Russian-backed rebels in eastern Ukraine have accused Kyiv government forces of firing artillery and mortars in three incidents on Friday, the Interfax news agency reported.
Kyiv and the rebels blamed each other for escalating tensions after artillery and mortar attacks on Thursday, prompting fears that Russia, which has massed over 100,000 troops near Ukraine's borders, could get involved.
The Kremlin said on Thursday it was "deeply concerned" with the flare-up in Ukraine and was watching the situation closely. The United States said Russia was looking for a pretext for war.
According to the Interfax report, the self-proclaimed Donetsk People's Republic said the shelling targeted the Petrivske village in the breakaway region at 5:30 a.m. (3:30 a.m.

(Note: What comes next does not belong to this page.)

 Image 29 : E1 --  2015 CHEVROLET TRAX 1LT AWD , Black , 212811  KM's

GMT). Another self-proclaimed rebel republic, Luhansk, reported two incidents of mortar fire Friday morning.
Meanwhile, the Ukrainian military has recorded 60 cease-fire violations by pro-Russian separatists over the past 24 hours, it said on Friday, with one soldier injured. In a report, the military said separatists opened fire on more than 10 settlements, using heavy artillery, mortars and a tank.
Kyiv and the pro-Russian separatists have been at war for eight years and the cease-fire between the sides is routinely violated, but the intensity of fighting increased notably this week.

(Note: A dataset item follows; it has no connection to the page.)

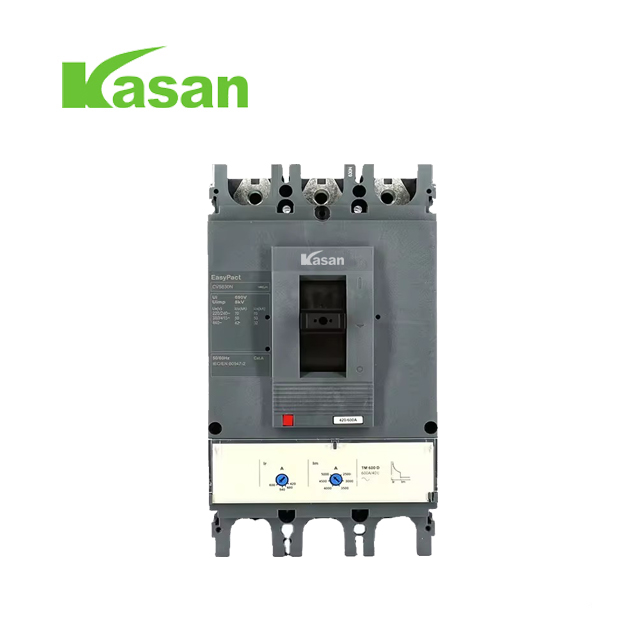 CVS400F 3P 400AMP -brytare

U.S. President Joe Biden on Thursday said Russia is preparing a pretext to justify a possible attack on Ukraine, whose ambition to one day join the NATO military alliance has angered Moscow.
In Europe's biggest security crisis in decades, Russia has massed troops, tanks and heavy weapons on Ukraine's borders and demanded assurances that Kyiv never join NATO, something the Ukrainian government has refused to do.

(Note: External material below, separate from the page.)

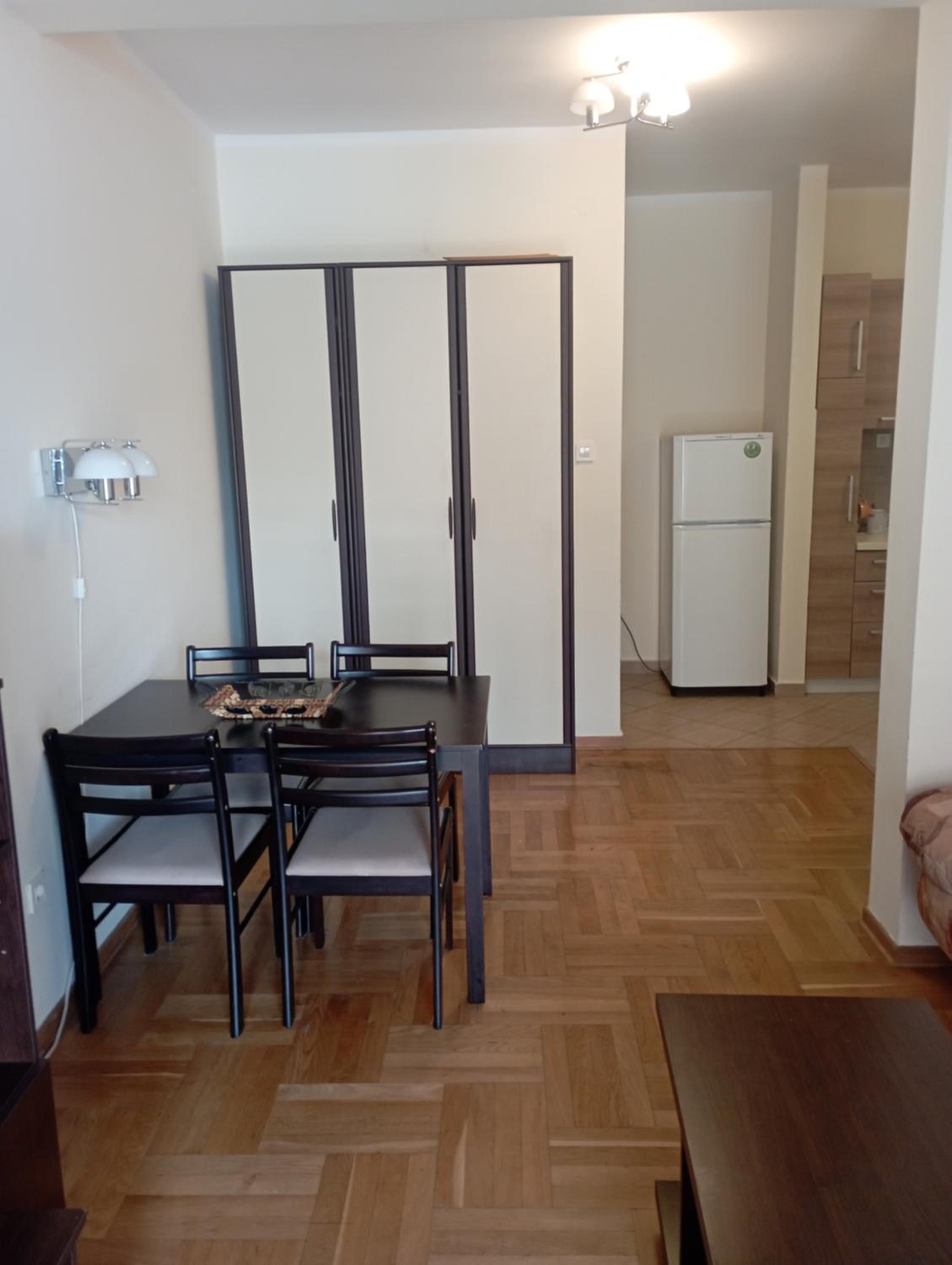 Apartmani Ivan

Even so, Russia says it has no intention to invade Ukraine and accuses the West of hysteria over its military build-up, saying some of its troops have returned to bases.
Interfax news agency cited Russia's defense ministry as saying on Friday that several Russian mechanized infantry units had returned to their bases in the regions of Dagestan and Chechnya after completing drills in Crimea.
Interfax also cited the ministry as saying that a train loaded with tanks had departed an undisclosed location to return to their base in the Nizhny Novgorod province. TASS news agency carried a similar report about troops returning to their base.
Western leaders however say Russia remains capable of launching an invasion at any time.
"We have reason to believe they are engaged in a false flag operation to have an excuse to go in," Biden told reporters at the White House on Thursday. "Every indication we have is they're prepared to go into Ukraine and attack Ukraine."
Diplomatic efforts will continue on Friday when Biden hosts a call with the leaders of Canada, France, Germany, Italy, Poland, Romania, Britain, the European Union and NATO.
U.S. Secretary of State Antony Blinken will meet counterparts at the Munich Security Conference. He will also discuss the crisis late next week with Russian Foreign Minister Sergei Lavrov, the State Department said.
Washington said it would respond to Moscow's "unprovoked" move to expel U.S. Deputy Chief of Mission Bart Gorman. Russian diplomats who have stayed longer than three years must leave the United States, while Moscow is giving U.S. diplomats less time, a State Department spokesperson said.